Ethereal-dev: [Ethereal-dev] RFC: new TVBUFF type

Note: This archive is from the project's previous web site, ethereal.com. This list is no longer active.

From: "Ronnie Sahlberg" <rsahlber@xxxxxxxxxxxxxx>
Date: Tue, 22 May 2001 18:10:50 +1000
Hi list,
Please give me comments on this idea.

I have been thinking a lot over how the IP reassembly is implemented and I
really dont like
that it requires double backing store in malloc()ed memory.
Then I thought, that what IP defragment needs is basically the same thing as
what some other
interesting features would need. The features I think of are
1: treating a TCP datastream as a "array of bytes".
2: merging parts of various UDP/TCP payloads into larger TVBUFFs which one
can dissect/do other interesting stuff with.
After deciding on and implementing it usefully I plan to use IP
defragmentation as a test/proof of concept.


The design I have come up which which would be reasonable generic and
(hopefully) useful is:

TVBUFF_SPARSE_ARRAY
Create a new type of TVBUFF, lets call it TVBUFF_SPARSE_ARRAY.
This TVBUFF type can be thought of similar to COMPOSITE, but that one can
insert a new TVBUFF segment anywhere
not only prepend and append. Also, one can have "holes" in the data which
this TVBUFF describes.
This type of TVBUFF can be created and destroyed as any other TVBUFF, though
none of the accessorts or any
other functions in tvbuff.c can operate on this TVBUFF.
* tvb_sparse_array_new()
* tvb_sparse_array_free()
This TVBUFF type is only a placeholder to keep other tvbuffs in until
TVBUFF_COMPOSITE can be extracted.

Then there will be two functions which only operate on TVBUFF_SPARSE_ARRAY
* int tvb_sparse_array_insert(tvb_sparse_array, start, len, tvb, offset)
       tvb is any ordinary tvb type, not SPARSE_ARRAY.
       This creates (if nessecary) a TVB_SUBSET of tvb of the data from
offset to offset+len
       and links it into tvb_sparse_array from start to start+len.
       Linking will be similar to how COMPOSITE works today, ie no
copying/duplication of data.
       If entire tvb_sparse_array[start,start+len] is already mapped (i.e.
no holes in this interval) the insertion will fail and return 0.
       If there is a partial overlap between tvb[offset,offset+len] and
tvb_sparse_array[start,start+len], 1+ SUBSETS will be created
       of tvb[offset,offset+len] to fit the holes in
tvb_sparse_array[start,start+len].

       To keep track of all REAL_DATA and SUBSET tvbs we have mapped into
the SPARSE_ARRAY we keep a "list" of
       { start, len, tvb, offset } structures in each SPARSE_ARRAY. How this
list is sorted and how it is managed I will describe below.

       I think one can limit the size of start,len,offset to be guint32, ie
allow a virtual array of 4Gb for each SPARSE_ARRAY.
       (not really good, but will do for now) ((e.g. this allows direct
mapping of TCP sequence numbers of a packet to start))

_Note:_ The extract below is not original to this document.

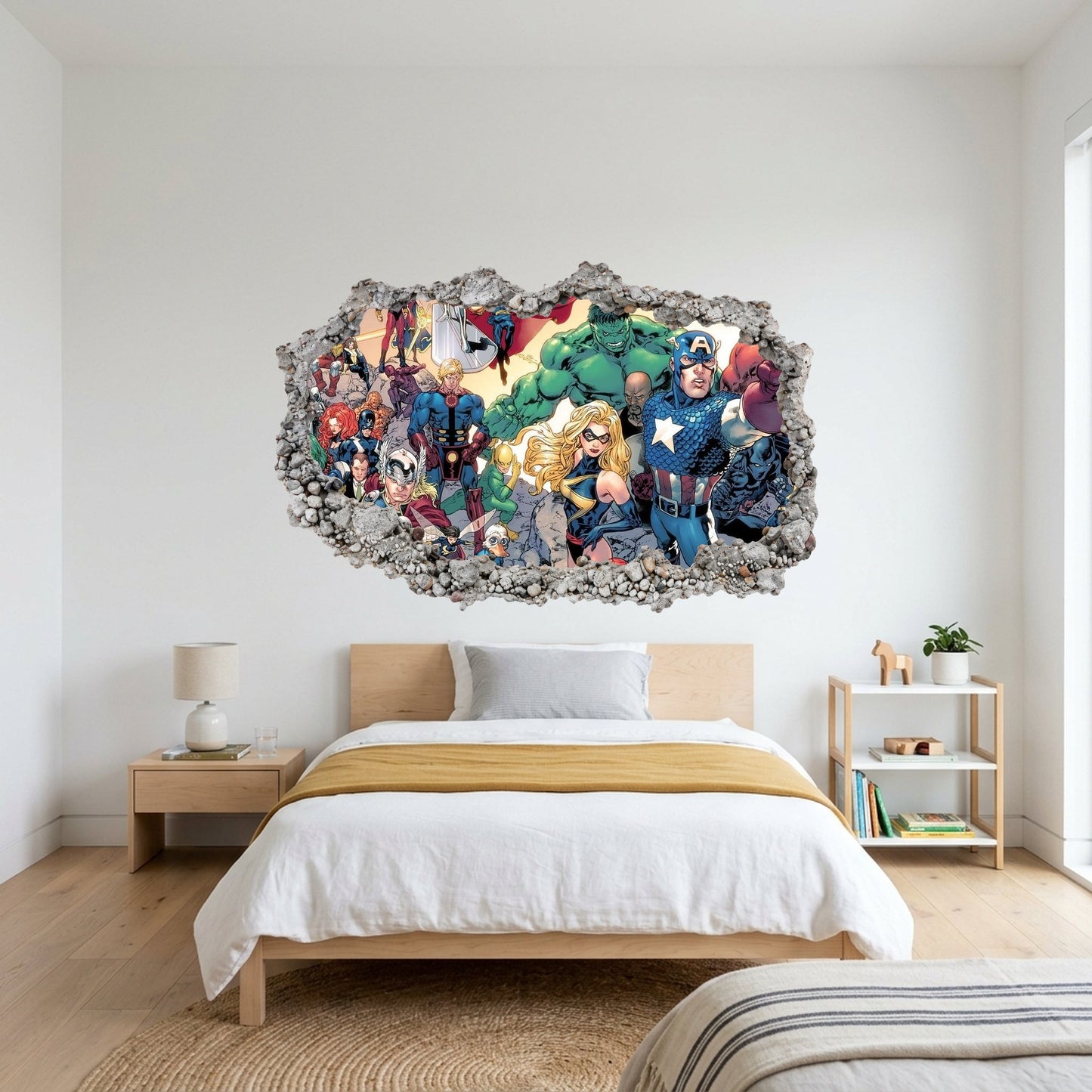 Captain America Iron Man Thor 3D Smashed Wall Decal Wall Art Sticker 010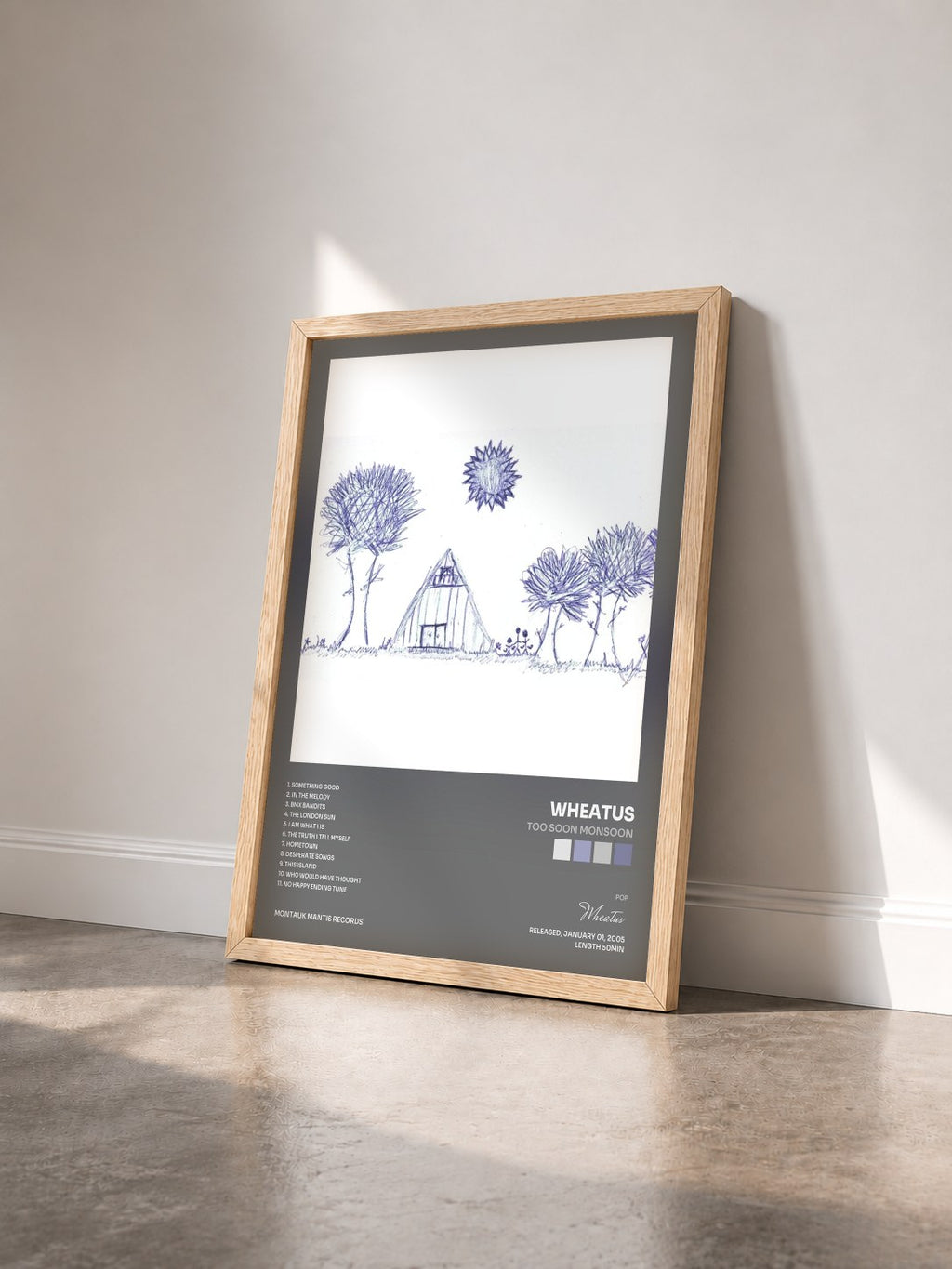 #bois Tableau de l'album Too Soon Monsoon de Wheatus vu de trois quarts, cadre en bois brut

      One can se this function as populating the "virtual" 4Gb array space
of  the sparse_array tvb.

* tvbuff_t *tvb_sparse_array_extract_tvb(tvb_sparse_array, start, len,
flags)
      This function will scan the tvb_sparse_array from start to start+len
and if there are no holes in this interval
      (i.e. we have all this data mapped from other tvbs) it will create a
new COMPOSITE tvb and return this tvb.
      If there are any data not mapped (a hole) in
tvb_sparse_array[start,start+len] the call will fail and return NULL.

      The flags are for special features, as follow-tcp-stream.
      0x0001  Scan back until start of current mapped patch
             If this flag is set, the mapping will not start from
tvb_sparse_array[start] but from as far before start which is possible
             without passing a hole.
      0x0002 Scan forward until end of current mapped patch
             With this flag set, the returned tvb will not onlky map up to
tvb_sparse_array[start+len] but as far beyond start+len as
             possible without creating a hole.
      flags==0 will probably be normal usage, but flags ==0x0003 would be
useful for Follow-TCP-Stream where one packet
      in the middle of a conversation is selected and one wants to process
as much as possible from the conversation.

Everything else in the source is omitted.